## The task
Only the lines from the one holding "Portrait of a" to the end of the data should be echoed, exactly as they appear, minus the pictures.

## The data
########################################
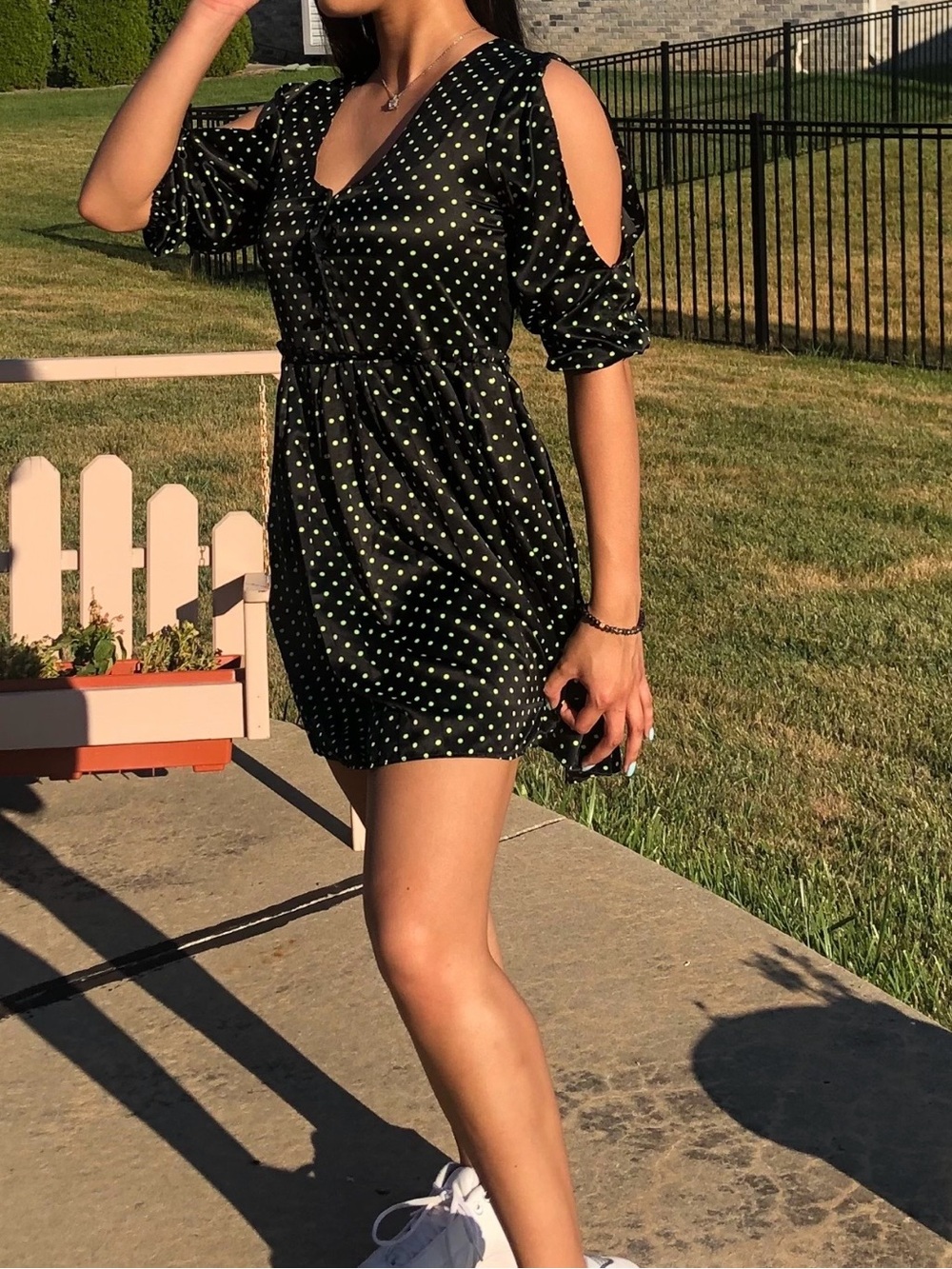 Polka Dot Satin Mini Dress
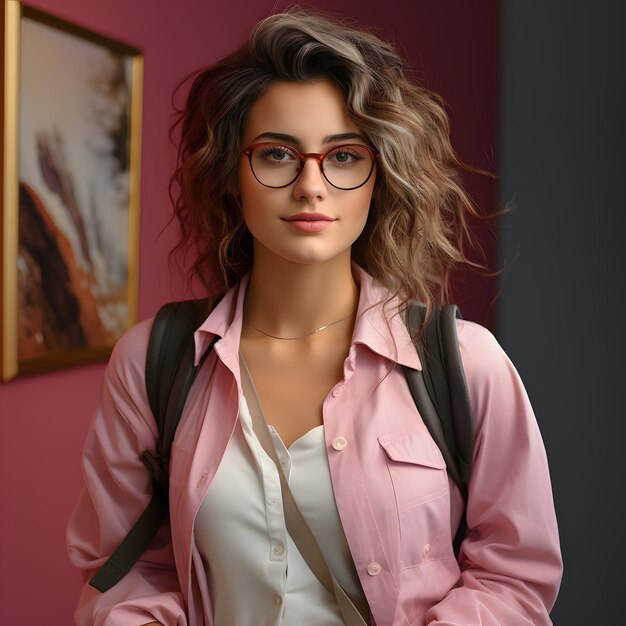 Portrait of a Smiling Female Collage Student in Casual Wear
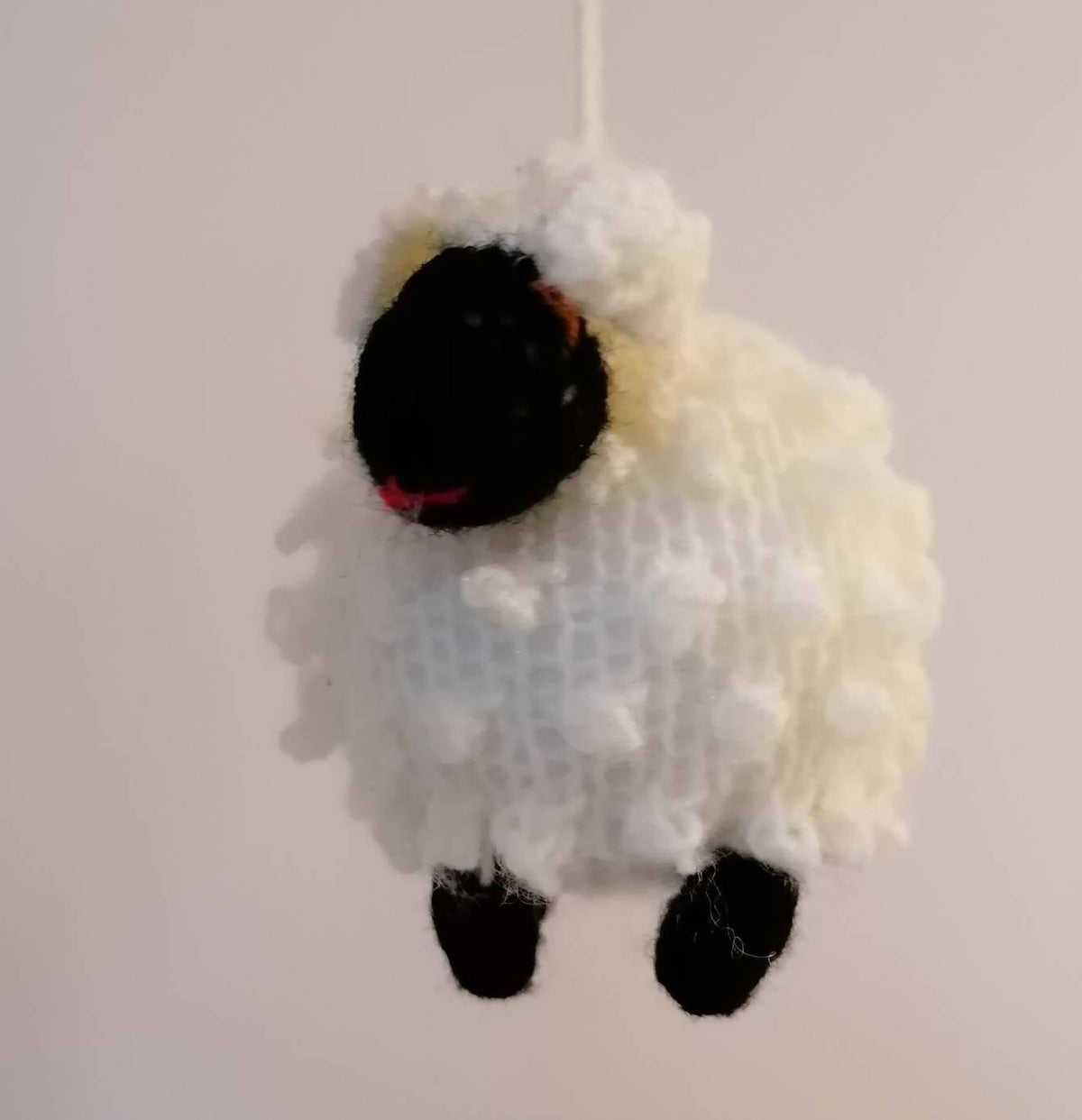 Hand-Knitted Bobble Sheep Hanging Ornament, photo 3
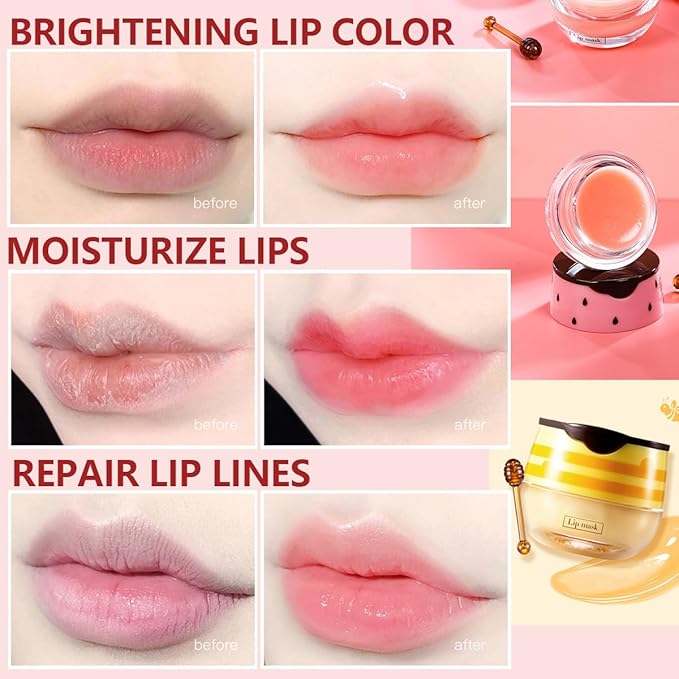 Strawberry Lip Balm, Honey Apple Watermelon Lip Mask Overnight, Moisturizing Lip Sleeping Mask, Vitamin E Lip Masks, Repairs And Prevents Chapped Lips (Strawberry）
########################################
## Answer below
 Portrait of a Smiling Female Collage Student in Casual Wear
 Hand-Knitted Bobble Sheep Hanging Ornament, photo 3
 Strawberry Lip Balm, Honey Apple Watermelon Lip Mask Overnight, Moisturizing Lip Sleeping Mask, Vitamin E Lip Masks, Repairs And Prevents Chapped Lips (Strawberry）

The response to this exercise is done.